§ **Exercise aim**
When you copy the data, keep every word exactly as it is and leave the pictures out.

Image-text web data
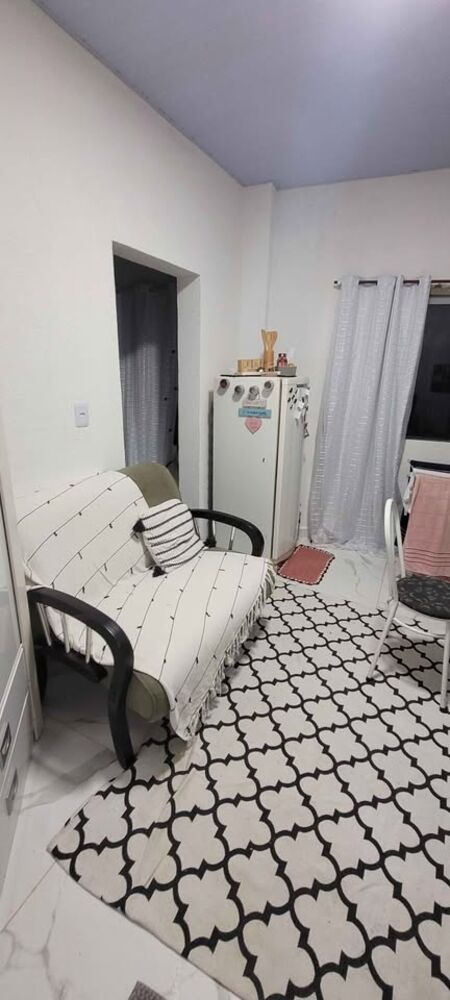 Casa, 1 quarto, 45 m² - Foto 8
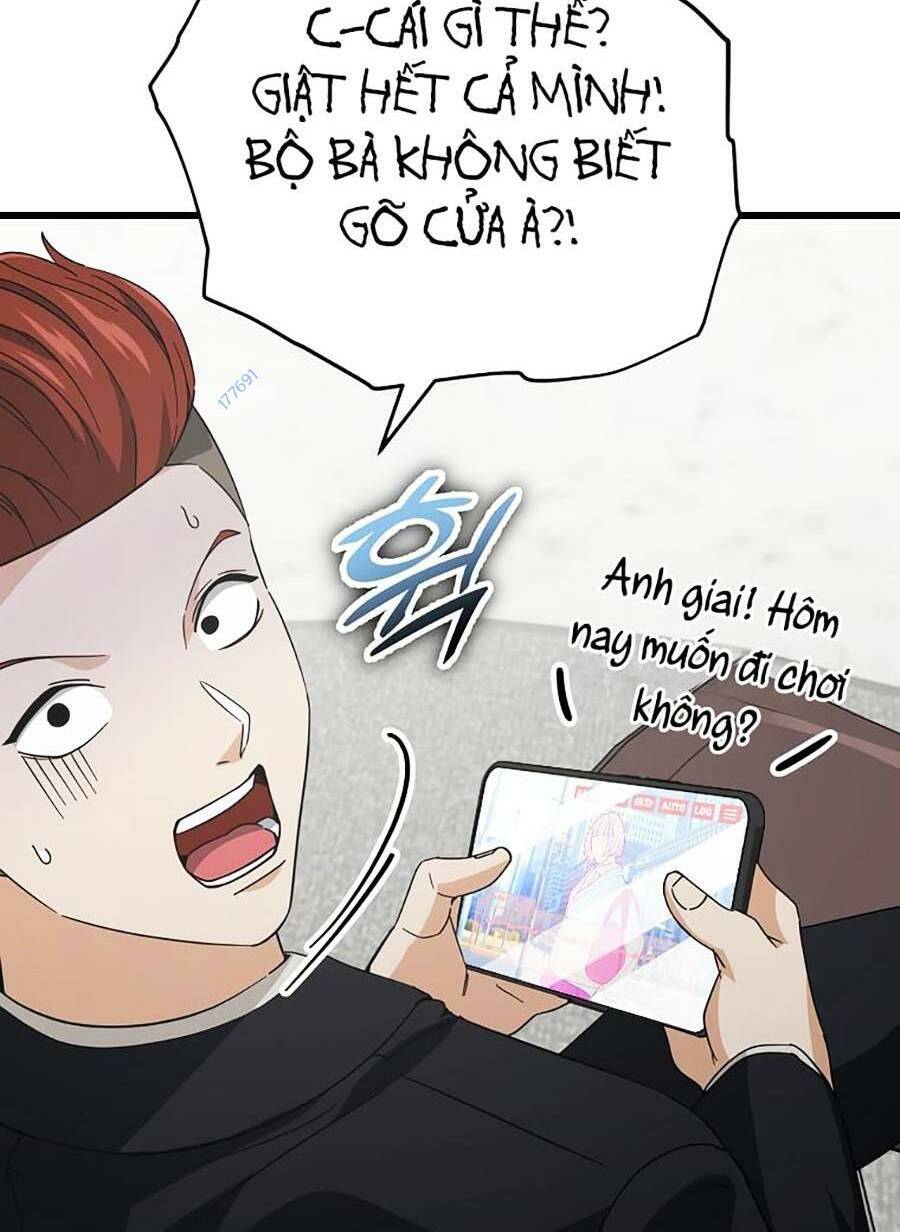 Bố Tôi Quá Mạnh - Chapter 146 - Page 9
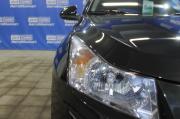 черный Chevrolet Cruze 1.8 AT (141 л.с.) 2013 фото 12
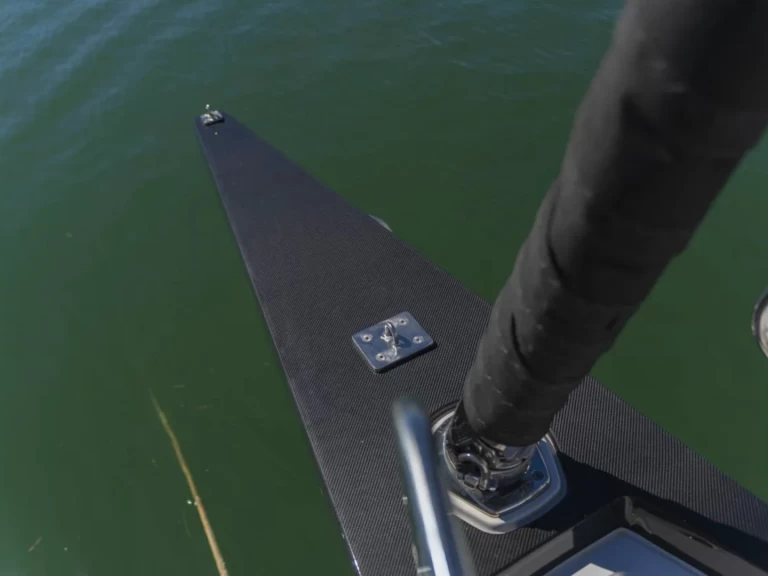 Verhuur Zeilboot in Biograd na Moru - Elan Elan E6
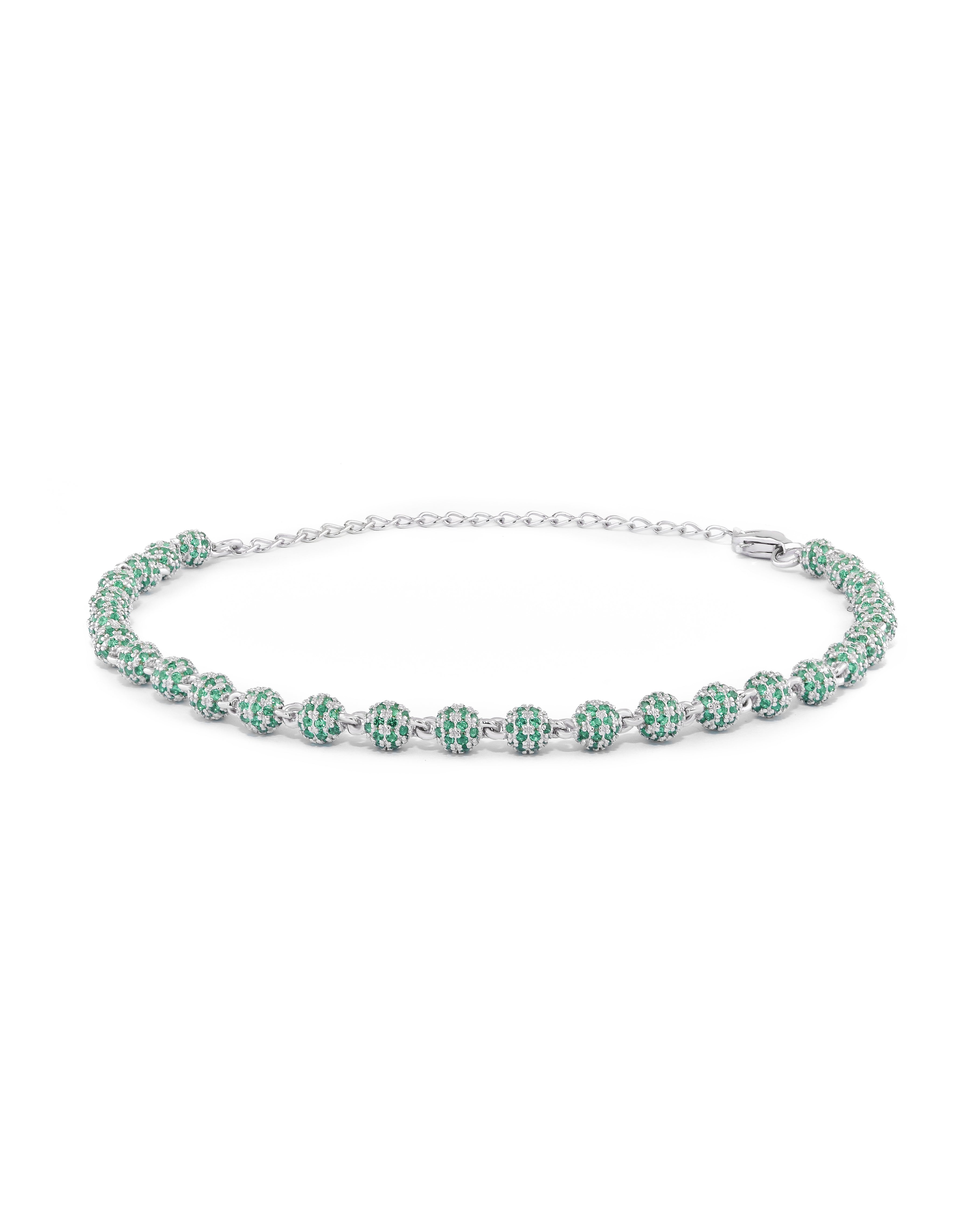 Pulseira Oliva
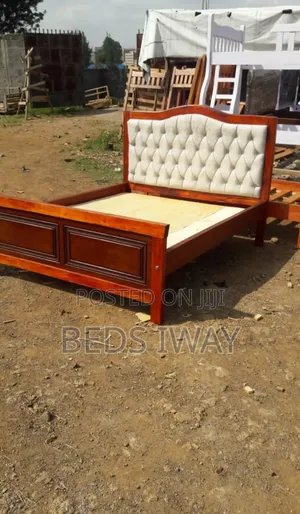 Strong Mockets Beds 5x6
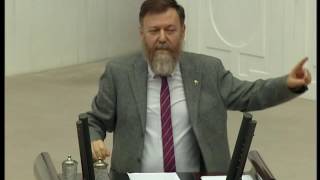 Chp Mersin Milletvekili Aytuğ Atıcı, Akp Döneminde Yaşanan Yolsuzluklar Üzerine Konuştu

§ **Task result**
 Casa, 1 quarto, 45 m² - Foto 8
 Bố Tôi Quá Mạnh - Chapter 146 - Page 9
 черный Chevrolet Cruze 1.8 AT (141 л.с.) 2013 фото 12
 Verhuur Zeilboot in Biograd na Moru - Elan Elan E6
 Pulseira Oliva
 Strong Mockets Beds 5x6
 Chp Mersin Milletvekili Aytuğ Atıcı, Akp Döneminde Yaşanan Yolsuzluklar Üzerine Konuştu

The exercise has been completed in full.